As its name suggests, Cost Benefit Analysis is when economists try calculate every possible cost and benefit associated with different spending options. They try to work out which would offer the greatest return on taxpayers’ money. Sometimes costs and benefits are easy to quantify, like the cost of building a new bridge or efficiency savings from new technology. But sometimes costs and benefits are harder to estimate. For example, what value can you put on a cleaner environment, a healthier population or a higher quality of life? What costs should be assigned to the effects of crime, pollution or poor education? A lot of careful thought is required to reach the right conclusion.
In our passage today, Jesus urges potential disciples us to carefully count the cost before following him. And in verses 28 to 32 he tells two stories of people who counted the cost before making a decision.
- Jesus’ first example is someone deciding whether to build a tower. If he starts building before counting the cost he may run out of money before he can finish it. If he can only afford the tower’s foundations “everyone who sees it will ridicule him” – he will be a laughing stock.
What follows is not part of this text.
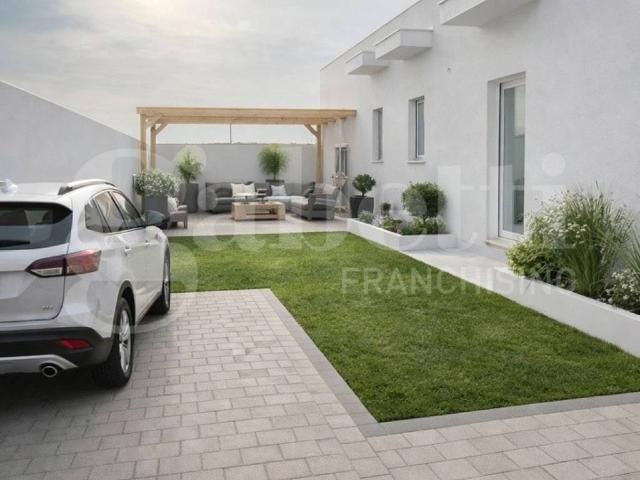Villa in vendita a Margherita di Savoia BT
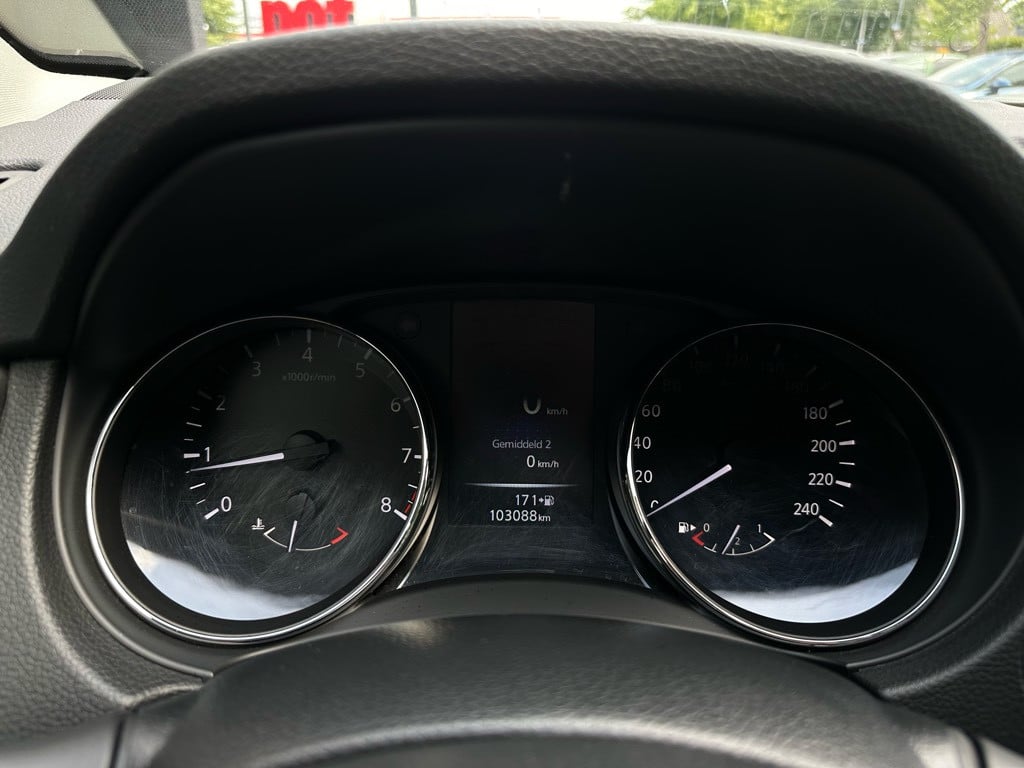 Nissan Qashqai 1.6 turbo tekna // 1500kg trekvermorgen //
A wise man compares his construction costs to his bank balance before he decides to build!
- In his second story, Jesus describes a wise king who weighs up his chances of victory before engaging in battle. A wise king will certainly ask for peace if he’s properly considered the cost of defeat.
So what costs of discipleship should we consider in twenty-first century Britain? What will it cost us to commit to Christ today?
- It will cost us our time, as we sacrifice our social life or leisure to spend more time serving our neighbour, sharing the Gospel or ministering at church.
- It will certainly hurt our wallets, as we give sacrificially to our church, to mission agencies and to other Christian charities.
- Being a faithful disciple may also affect our career path, our standard of living, or our reputation amongst non-Christian friends and colleagues.
- And it will be costly and painful for us to give up bad habits and fight personal temptations that we know God doesn’t approve of.
If the costs are so great, why should we bother becoming Christians? Why not skip the cost and follow someone or something other than Christ?
Well the first thing to realise is that Jesus himself experienced great cost in his ministry. He personally endured hardship, misunderstanding, misrepresentation and persecution. And at the end, the cross he carried was real, not merely metaphorical. As we count the cost of following Jesus, remember he’s not asking us to endure anything worse than he went through himself.
But more importantly, remember the huge benefits of being a Christian believer – eternal benefits that no economist could ever hope to quantify! Because If we do decide to put our faith in Christ we become forgiven friends with God – as sinners our greatest need is satisfied. Like the wise king in verse 32 today, followers of Jesus gain peace with the most powerful ruler in the universe – God himself.
Followers of Jesus also look forward to the everlasting joys of heaven. Joys that Jesus compares to a ‘great banquet’ in verse 16 of our chapter this morning. You see, compared to the incalculable benefits of being a Christian, the costs of discipleship pale into insignificance. As the apostle Paul puts it in Romans chapter 8 “I consider that our present sufferings are not worth comparing with the glory that will be revealed in us.” There is a cost of discipleship – but its well worth it!
- Following Jesus…means staying salty! (v.34)
Whether you voted Remain or Leave in the EU referendum, there is one issue where we should all be committed ‘Remainers’. Because in the final verses of our passage today, Jesus urges his disciples to remain salty. Listen again to what he says: ‘Salt is good, but if it loses its saltiness, how can it be made salty again? It is fit neither for the soil nor for the manure heap; it is thrown out. ‘Whoever has ears to hear, let them hear.’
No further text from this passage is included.